DATA SECTION >>
· · · · · · ·
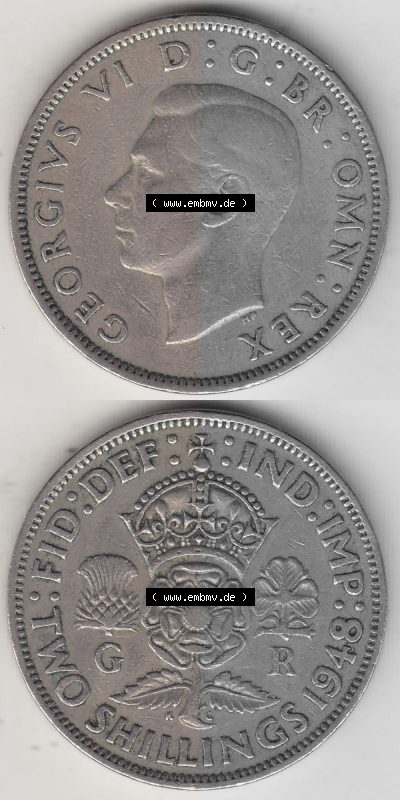 Alte Münzen Großbritannien Umlaufmünze 1947-1948, 2 Schilling-Florin, Two Shillings, 1948 (Stück 2), George VI, GEORGIVS VI... Sammlung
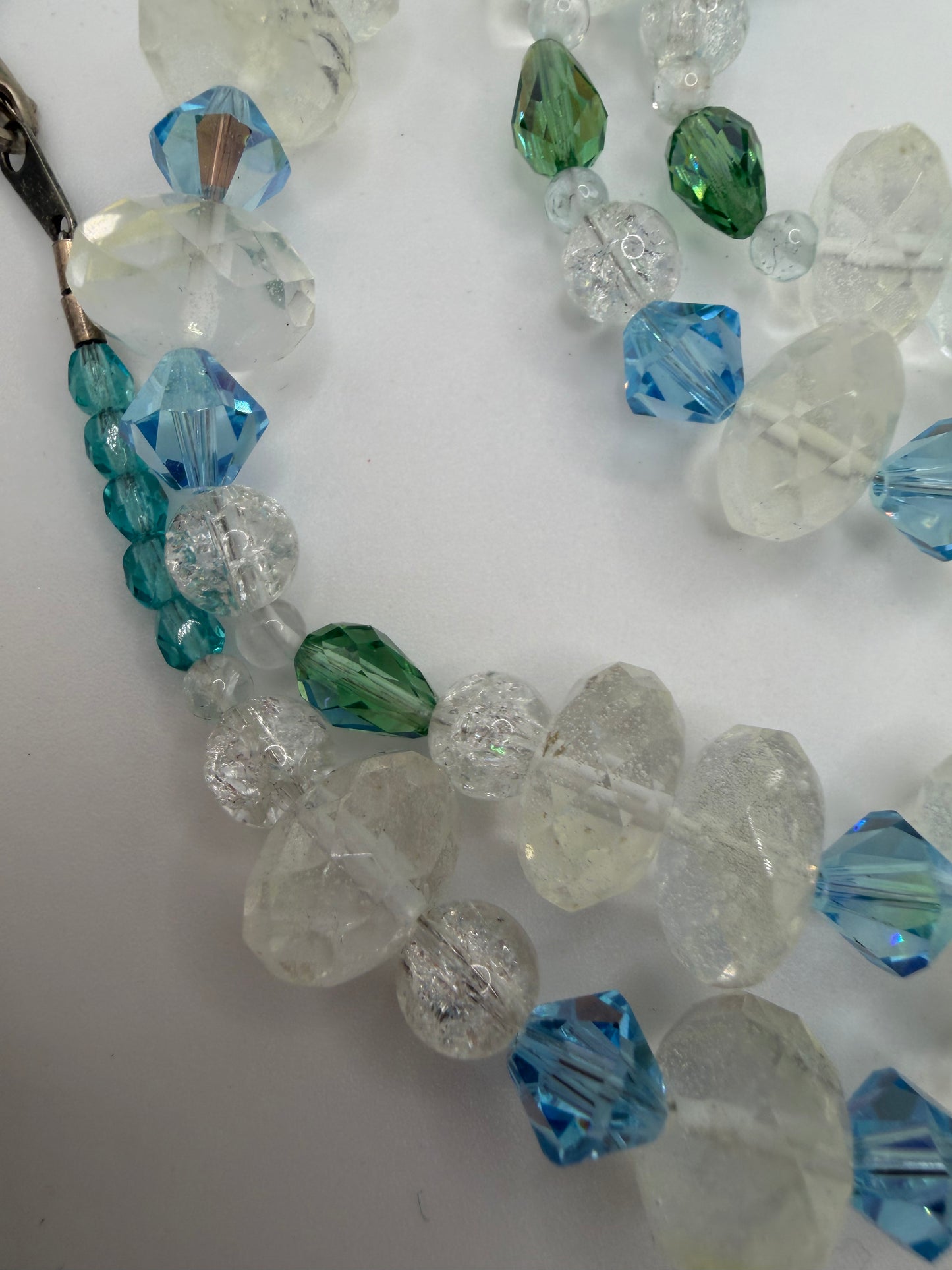 Vintage Crystal Ice Queen Beaded Sterling Silver Necklace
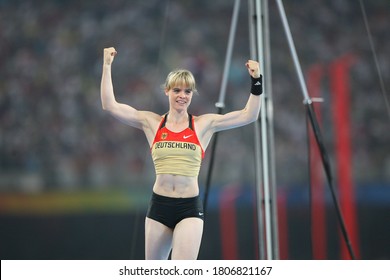 German Silke Spiegelburg Competes With Isinbayeva In The Pole Vault Final At The National Stadium At The China 2008 Beijing Olympic Games On August 18, 2008.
· · · · · · ·
AIM OF THE TASK >>
Could you set down, exactly as written, every line from the one with "Vintage Crystal Ice" to the end of the data, both ends included? Leave out the pictures.

PROBLEM SOLUTION >>
 Vintage Crystal Ice Queen Beaded Sterling Silver Necklace
 German Silke Spiegelburg Competes With Isinbayeva In The Pole Vault Final At The National Stadium At The China 2008 Beijing Olympic Games On August 18, 2008.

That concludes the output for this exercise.